Work request
Each line from the opening of the records that follow to the line with "Luxury Women's Crocodile" needs to be written out exactly. Add nothing.

Supplied material
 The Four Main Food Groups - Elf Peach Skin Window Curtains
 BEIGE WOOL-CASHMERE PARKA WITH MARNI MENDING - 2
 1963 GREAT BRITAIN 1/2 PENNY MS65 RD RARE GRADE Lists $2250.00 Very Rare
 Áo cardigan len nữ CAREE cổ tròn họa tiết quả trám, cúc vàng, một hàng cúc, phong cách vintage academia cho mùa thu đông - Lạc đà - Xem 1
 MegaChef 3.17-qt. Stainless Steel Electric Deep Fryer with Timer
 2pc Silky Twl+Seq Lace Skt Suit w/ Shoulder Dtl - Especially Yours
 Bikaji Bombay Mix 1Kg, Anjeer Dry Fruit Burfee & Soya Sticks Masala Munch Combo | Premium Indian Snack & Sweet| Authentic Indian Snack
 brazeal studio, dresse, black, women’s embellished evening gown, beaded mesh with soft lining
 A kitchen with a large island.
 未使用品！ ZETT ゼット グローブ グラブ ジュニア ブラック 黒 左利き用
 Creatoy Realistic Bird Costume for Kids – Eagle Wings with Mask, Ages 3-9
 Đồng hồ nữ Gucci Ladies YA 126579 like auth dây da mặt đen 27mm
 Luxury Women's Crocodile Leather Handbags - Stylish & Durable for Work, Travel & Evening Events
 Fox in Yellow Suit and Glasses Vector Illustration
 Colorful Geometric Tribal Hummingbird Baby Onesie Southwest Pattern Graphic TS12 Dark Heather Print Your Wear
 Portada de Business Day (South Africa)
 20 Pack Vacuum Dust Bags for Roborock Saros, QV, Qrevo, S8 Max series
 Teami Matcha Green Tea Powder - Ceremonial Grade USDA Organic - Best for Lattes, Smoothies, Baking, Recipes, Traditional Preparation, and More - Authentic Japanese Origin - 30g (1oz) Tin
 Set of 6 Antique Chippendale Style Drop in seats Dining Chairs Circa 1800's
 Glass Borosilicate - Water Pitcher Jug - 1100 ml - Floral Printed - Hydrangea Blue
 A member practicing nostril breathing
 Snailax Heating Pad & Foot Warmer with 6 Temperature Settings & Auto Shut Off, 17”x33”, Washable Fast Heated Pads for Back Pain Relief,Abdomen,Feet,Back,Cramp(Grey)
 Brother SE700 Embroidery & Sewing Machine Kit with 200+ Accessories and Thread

Task answer
 The Four Main Food Groups - Elf Peach Skin Window Curtains
 BEIGE WOOL-CASHMERE PARKA WITH MARNI MENDING - 2
 1963 GREAT BRITAIN 1/2 PENNY MS65 RD RARE GRADE Lists $2250.00 Very Rare
 Áo cardigan len nữ CAREE cổ tròn họa tiết quả trám, cúc vàng, một hàng cúc, phong cách vintage academia cho mùa thu đông - Lạc đà - Xem 1
 MegaChef 3.17-qt. Stainless Steel Electric Deep Fryer with Timer
 2pc Silky Twl+Seq Lace Skt Suit w/ Shoulder Dtl - Especially Yours
 Bikaji Bombay Mix 1Kg, Anjeer Dry Fruit Burfee & Soya Sticks Masala Munch Combo | Premium Indian Snack & Sweet| Authentic Indian Snack
 brazeal studio, dresse, black, women’s embellished evening gown, beaded mesh with soft lining
 A kitchen with a large island.
 未使用品！ ZETT ゼット グローブ グラブ ジュニア ブラック 黒 左利き用
 Creatoy Realistic Bird Costume for Kids – Eagle Wings with Mask, Ages 3-9
 Đồng hồ nữ Gucci Ladies YA 126579 like auth dây da mặt đen 27mm
 Luxury Women's Crocodile Leather Handbags - Stylish & Durable for Work, Travel & Evening Events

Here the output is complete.